Simon demolished the limits to growth and the belief that human progress was bound in a Malthusian straitjacket, and limited by the known or presumably known physical supplies of natural resources. He argued that the ultimate resource was the limitless nature of man’s mind—his intelligence, innovation, discovery, and invention, constantly discovering and creating new resources where none had existed before. For instance, the looming scarcity of copper vanished with its replacement by abundant beach sand, by silica.
In the past decade, the doomsayers returned again, gleefully predicting the end of growth and the need to reduce population and living standards because of their long hoped-for exhaustion of fossil fuels and the arrival of peal oil and peak gas. But then to their dismay, they witnessed the ultimate resource, man’s intransigent mind, turn the Earth’s abundance of shale deposits into a potential cornucopia of oil and natural gas, requiring nothing more than a drill and water pressure—hydraulic fracing—to once more shatter the supposed limits to growth.
Private Environmentalism
I’ve been a conservationist and an avid birder (birdwatcher) for decades, as well as an advocate of free markets and property rights. In the late 1960s and early 1970s, I was president of a nature club and Audubon society chapter [1] at a time when the conventional wisdom—almost all of the environmental economists—argued that capitalism and the profit system were the cause of environmental degradation and the only solution was socialism or communism.
This coincided with the birth of Earth Day on Lenin’s birthday on April 22, 1970, when multitudes of college students, environmentalists, and liberals all argued that capitalism was destroying the planet.

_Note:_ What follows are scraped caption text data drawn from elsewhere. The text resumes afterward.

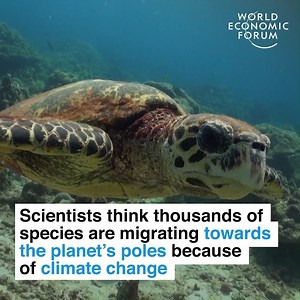 Thousands of species forced to migrate because of climate change. 🔎 Learn more about how climate change affects animals: https://buff.ly/31rEYQ7 | World Economic Forum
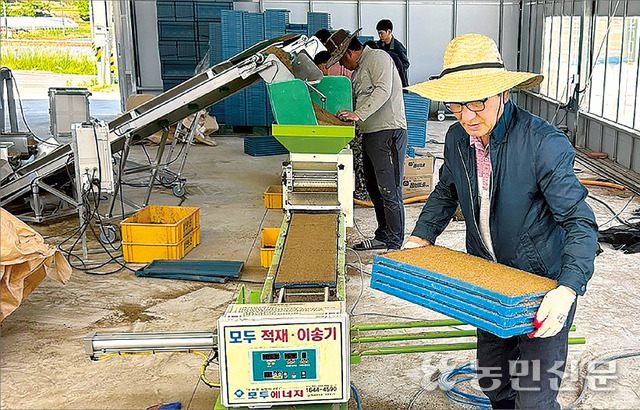 충남 서천 한산농협 박관구 조합장(오른쪽)이 직원과 함께 최근 완공한 벼 육묘장에서 농가에 공급할 모판을 옮기고 있다.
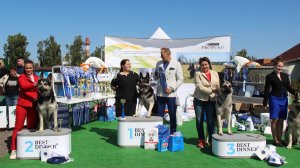 Расстановка класса ЧНКП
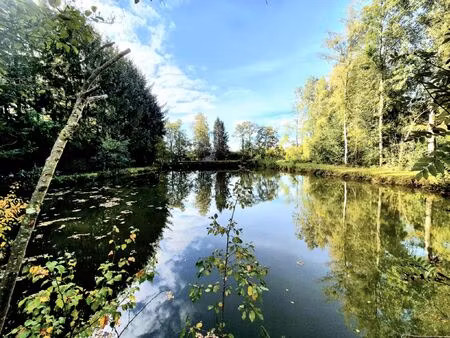 terrain à vendre à rue de la tauminerie brûly (vbd40251)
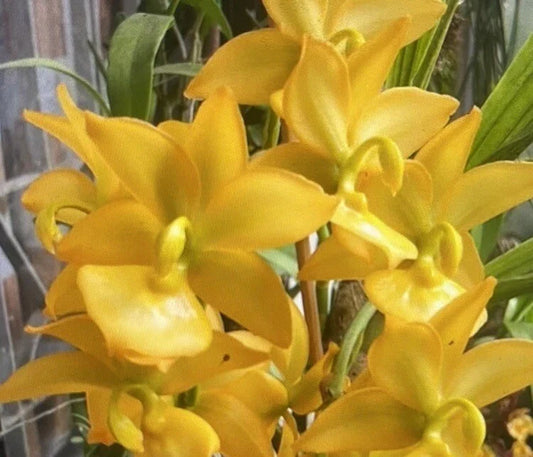 Cyc Orchid Plant Bare Root 1 Bulb Taiyhoung No. 1 Smtoga Cycnoches (Cyc)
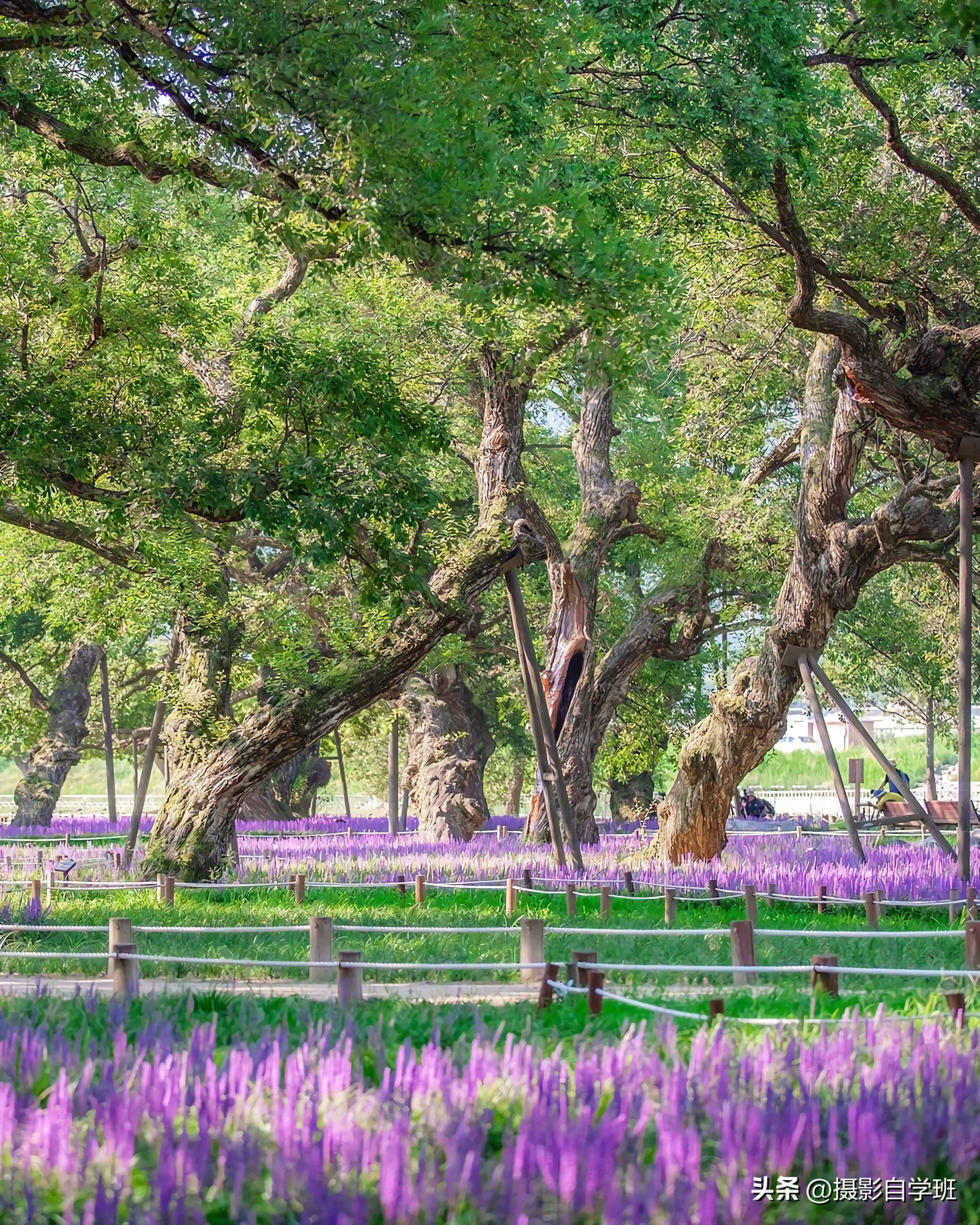 拍风景照片的摄影技巧,风景摄影入门初学者拍照技巧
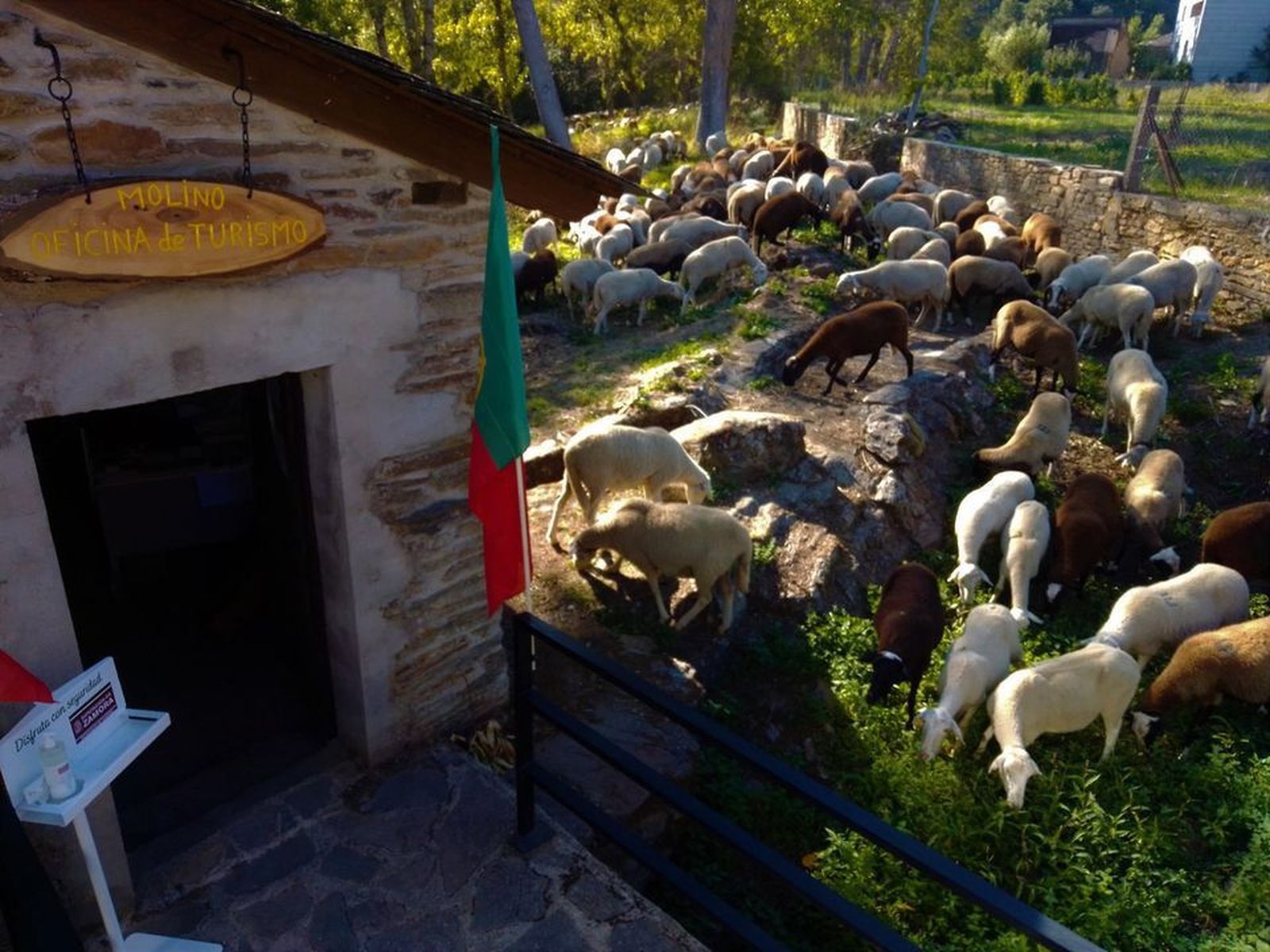 118794871 132840751858216 6232610688745901950 o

It was then that I was asked to write a book on how to protect the environment without government regulation and ownership. The book, Earth’s Resources: Private Ownership vs. Public Waste, published in 1979 and now out of print, used a new term, “free-market environmentalism,” making a case that that the institutions of a free society—property rights, markets, and prices—could preserve the environment far better than the state. [2]
During the Ronald Reagan administration, I began a study at the President’s Council on Environmental Quality documenting the history of private conservation, showing that all the things we believe the government must do—own and protect national forests, wildlife refuges, parks, trails, natural landmarks, wilderness areas, even endangered species—have been and can be better protected privately, because private ownership necessarily produces careful stewardship, while government collectivism breeds 9-to-5 bureaucratic mismanagement.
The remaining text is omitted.